Configuration Templates

Achieving certain behaviors in an HTCondor pool often requires setting the values of a number of configuration macros in concert with each other. We have added configuration templates as a way to do this more easily, at a higher level, without having to explicitly set each individual configuration macro.

Configuration templates are pre-defined; users cannot define their own templates.

Note that the value of an individual configuration macro that is set by a configuration template can be overridden by setting that configuration macro later in the configuration.

Detailed information about configuration templates (such as the macros they set) can be obtained using the condor_config_val use option (see the condor_config_val manual page). (This document does not contain such information because the condor_config_val command is a better way to obtain it.)

Configuration Templates: Using Predefined Sets of Configuration

Predefined sets of configuration can be identified and incorporated into the configuration using the syntax

use <category name> : <template name>

The use key word is case insensitive. There are no requirements for white space characters surrounding the colon character. More than one <template name> identifier may be placed within a single use line. Separate the names by a space character. There is no mechanism by which the administrator may define their own custom <category name> or <template name>.

Each predefined <category name> has a fixed, case insensitive name for the sets of configuration that are predefined. Placement of a use line in the configuration brings in the predefined configuration it identifies.

As of version 8.5.6, some of the configuration templates take arguments (as described below).

Available Configuration Templates

There are four <category name> values. Within a category, a predefined, case insensitive name identifies the set of configuration it incorporates.

ROLE category

Describes configuration for the various roles that a machine might play within an HTCondor pool. The configuration will identify which daemons are running on a machine.

  • Personal

    Settings needed for when a single machine is the entire pool.

  • Submit

    Settings needed to allow this machine to submit jobs to the pool. May be combined with Execute and CentralManager roles.

  • Execute

    Settings needed to allow this machine to execute jobs. May be combined with Submit and CentralManager roles.

  • CentralManager

    Settings needed to allow this machine to act as the central manager for the pool. May be combined with Submit and Execute roles.

FEATURE category

Describes configuration for implemented features.

  • Remote_Runtime_Config

    Enables the use of condor_config_val -rset to the machine with this configuration. Note that there are security implications for use of this configuration, as it potentially permits the arbitrary modification of configuration. Variable SETTABLE_ATTRS_CONFIG must also be defined.

  • Remote_Config

    Enables the use of condor_config_val -set to the machine with this configuration. Note that there are security implications for use of this configuration, as it potentially permits the arbitrary modification of configuration. Variable SETTABLE_ATTRS_CONFIG must also be defined.

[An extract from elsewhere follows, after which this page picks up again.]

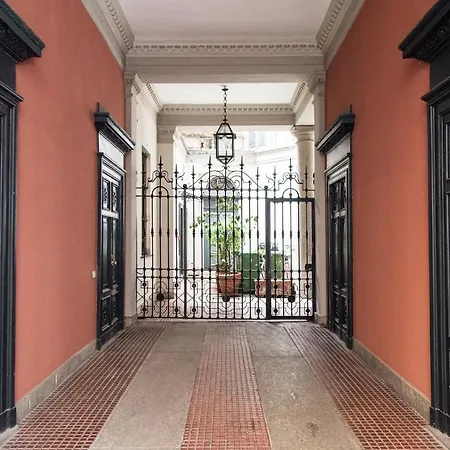 Apartman Brera District 2 Bedrooms -youhosty
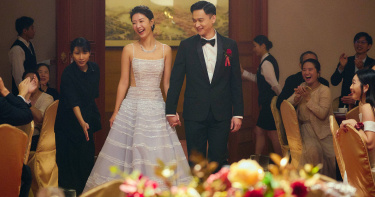 《雙囍》首波前導預告釋出，劉冠廷（右）、余香凝（左）陷「婚禮」危機。（圖／水花電影提供）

  • GPUs([discovery_args])

    Sets configuration based on detection with the condor_gpu_discovery tool, and defines a custom resource using the name GPUs. Supports both OpenCL and CUDA, if detected. Automatically includes the GPUsMonitor feature. Optional discovery_args are passed to condor_gpu_discovery

  • GPUsMonitor

    Also adds configuration to report the usage of NVidia GPUs.

  • Monitor( resource_name, mode, period, executable, metric[, metric]+ )

    Configures a custom machine resource monitor with the given name, mode, period, executable, and metrics. See Startd Cron and Schedd Cron for the definitions of these terms.

  • PartitionableSlot( slot_type_num [, allocation] )

    Sets up a partitionable slot of the specified slot type number and allocation (defaults for slot_type_num and allocation are 1 and 100% respectively). See the condor_startd Policy Configuration for information on partitionable slot policies.

  • StaticSlots( slot_type_num [, num_slots, [, allocation] ] )

    Sets up a number of static slots of the specified slot type number (defaults for slot_type_num and num_slots are 1 and $(NUM_CPUS) respectively). The number of slots will be equal to num_slots. If no value is provided for the allocation, the default is to divide 100% of the machine resources evenly across the slots.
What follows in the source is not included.